Federal and State policies have supported increased demand for ethanol. The 2005 Energy Policy Act created the Renewable Fuel Standard, which was later revised and now mandates that 15 billion gallons of biofuels be used in gasoline annually by 2015. Other Federal policies supporting the industry include the Reformulated Gasoline Program, the Winter Oxygenated Fuels Program, the Small Ethanol Producer Tax Credit of 10 cents per gallon for plants producing less than or equal to 60 million gallons of ethanol per year, and the 45-cents-per-gallon ethanol blender’s credit. State policies also have supported the industry through producer incentives (grants or preferential tax treatment); retailer/infrastructure incentives for ethanol blends; State use mandates; retail pump label requirements; and State fleet fuel-use requirements.

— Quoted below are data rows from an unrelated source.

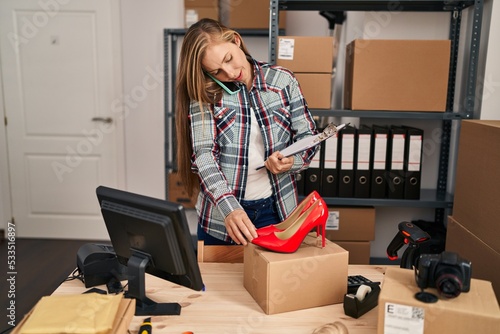 Young blonde woman ecommerce business worker talking on smartphone holding high heel shoes at office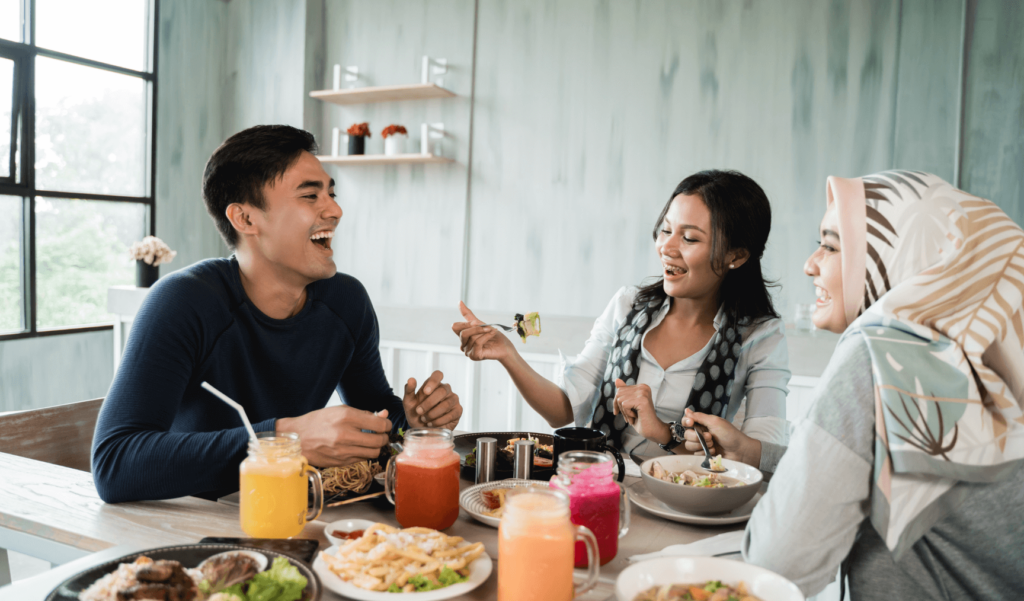 a group of friends eating together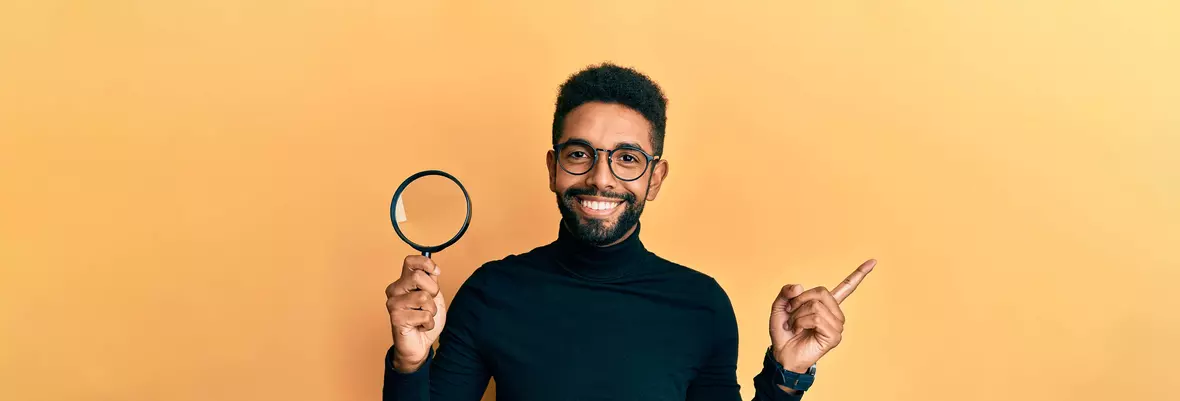 person with magnifying glass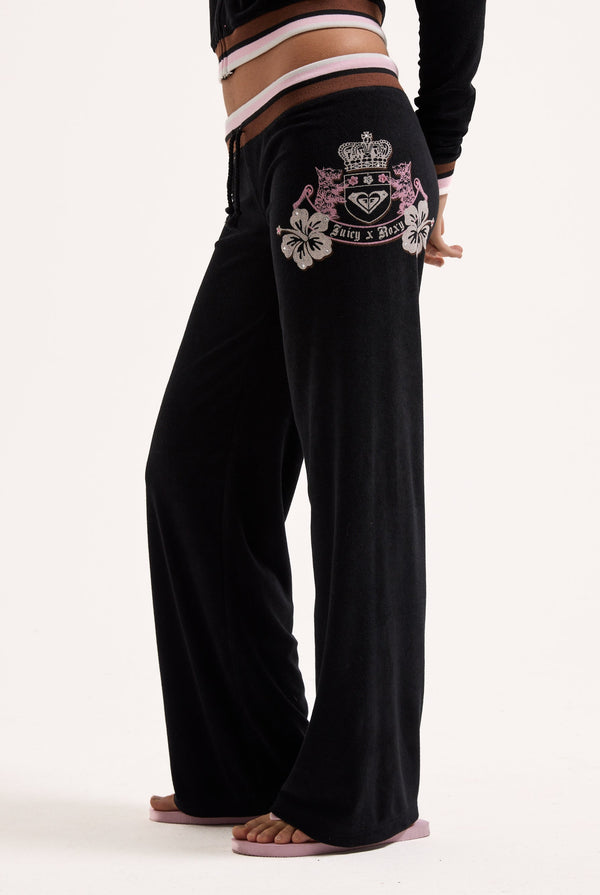 Displays a model wearing the Black Roxy & Juicy Couture Terry towelling og straight  bottoms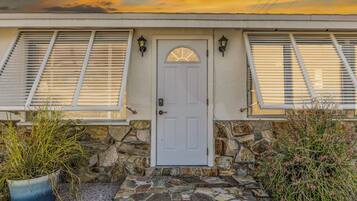 A house with a stone facade, a white door, and shutters on the windows.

Similar to natural gas and wind power development, ethanol production has potential environmental costs. One plant can use from 1.5 to 4 gallons of water for each gallon of ethanol, and many local governments require ethanol plants to purchase water rights from other users so that the plants have no net effect on water demand. Plants also discharge wastewater with brine from purifying water or from cleaning salts that accumulate in cooling towers and boilers. The cost of acquiring clean water and disposing of wastewater has encouraged innovation in plant water management, such as using municipal wastewater, supplying discharge water to farmers for crop irrigation, and developing zero-discharge technology.

Possible Future Job Growth Constraints

The estimated contribution of each emerging industry to local employment varies because of the nature of the regional economy where the new industry occurs, differences in the scale of the industry, the intensity of labor use, and the linkages to other sectors in the local economy. In looking only at employment, however, our analysis provides a limited view of how the industries affect life in rural communities. Each industry brings its own challenges for local communities: groundwater concerns with natural gas; disruption of the landscape by wind turbines; and wastewater or water usage from ethanol plants. The net economic benefits to an area may be quite different than what is suggested by the number of jobs created.